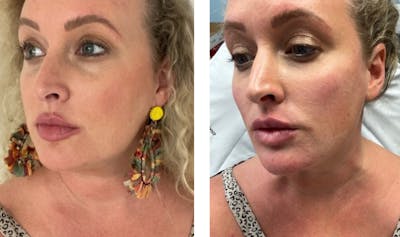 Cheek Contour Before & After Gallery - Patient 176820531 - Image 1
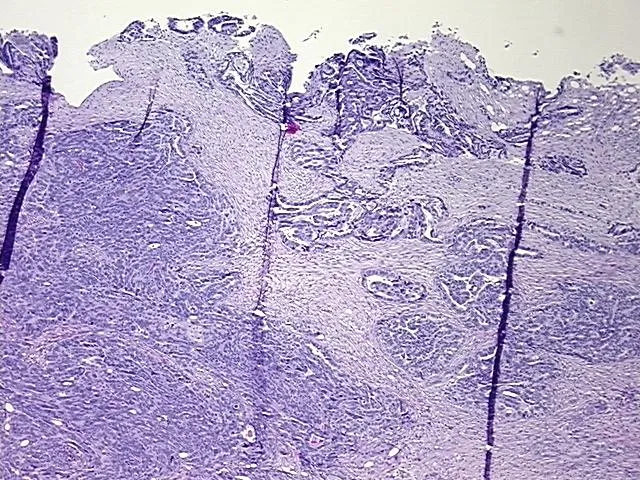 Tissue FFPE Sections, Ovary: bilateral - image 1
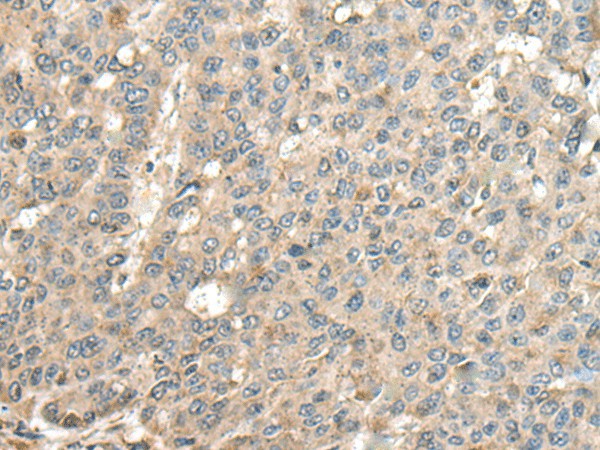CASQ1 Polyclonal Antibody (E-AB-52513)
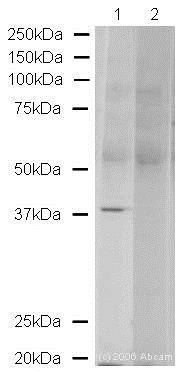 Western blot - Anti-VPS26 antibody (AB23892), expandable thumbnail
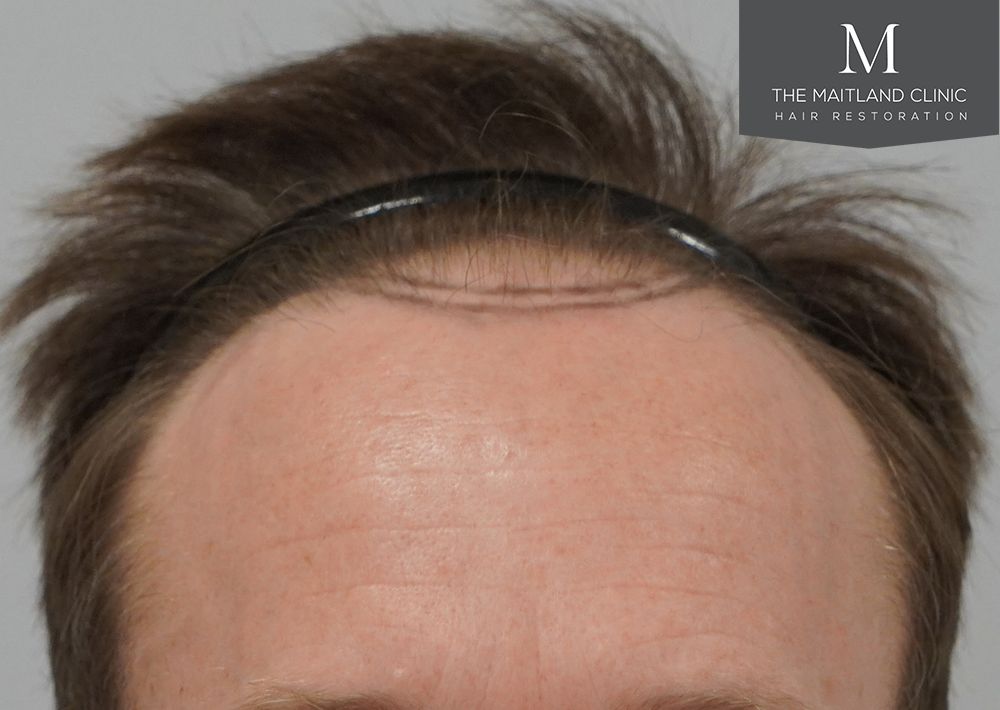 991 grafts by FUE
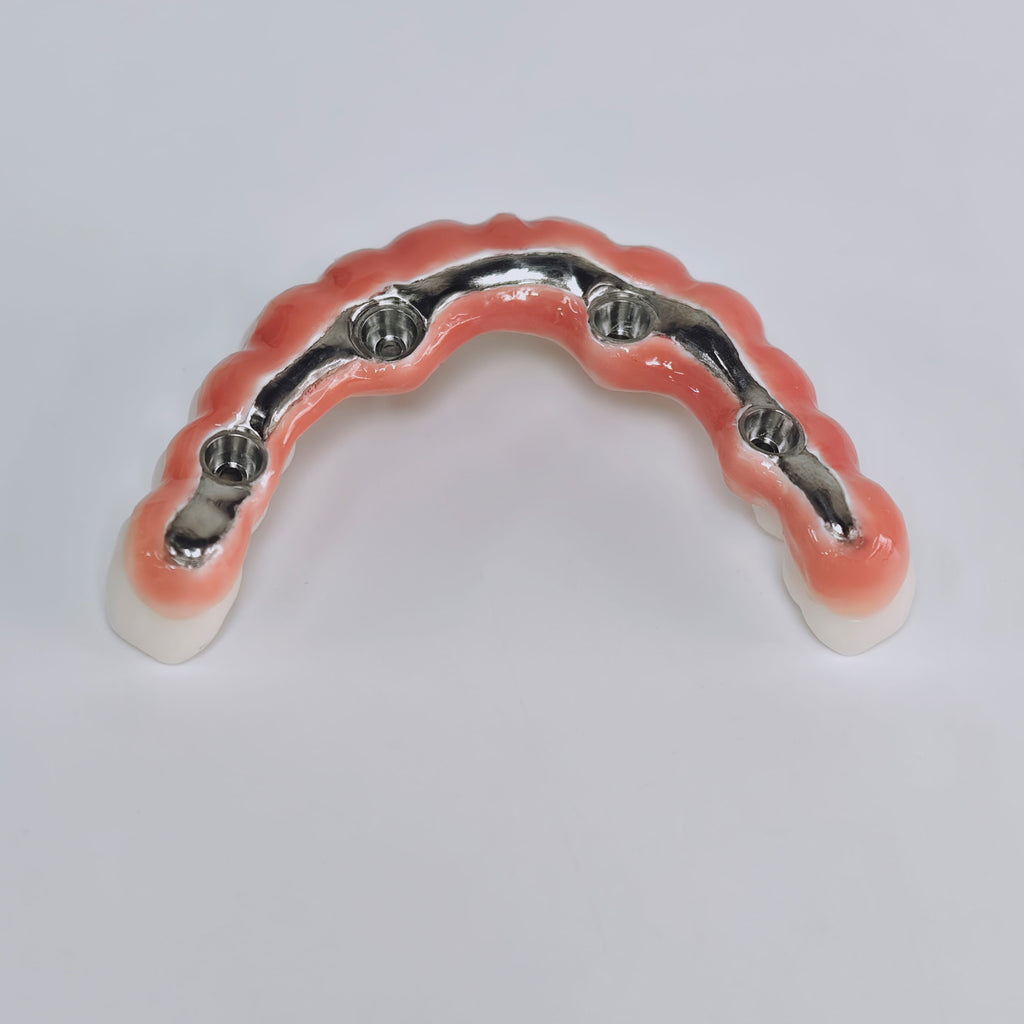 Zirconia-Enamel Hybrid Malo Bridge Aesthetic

-=-=-

• _EXERCISE BRIEF_
Go to the line that contains "Western blot - Anti-VPS26" and copy it and every line after it through the end of the entries, exactly, without the pictures.

• _OUTPUT OF THE TASK_
 Western blot - Anti-VPS26 antibody (AB23892), expandable thumbnail
 991 grafts by FUE
 Zirconia-Enamel Hybrid Malo Bridge Aesthetic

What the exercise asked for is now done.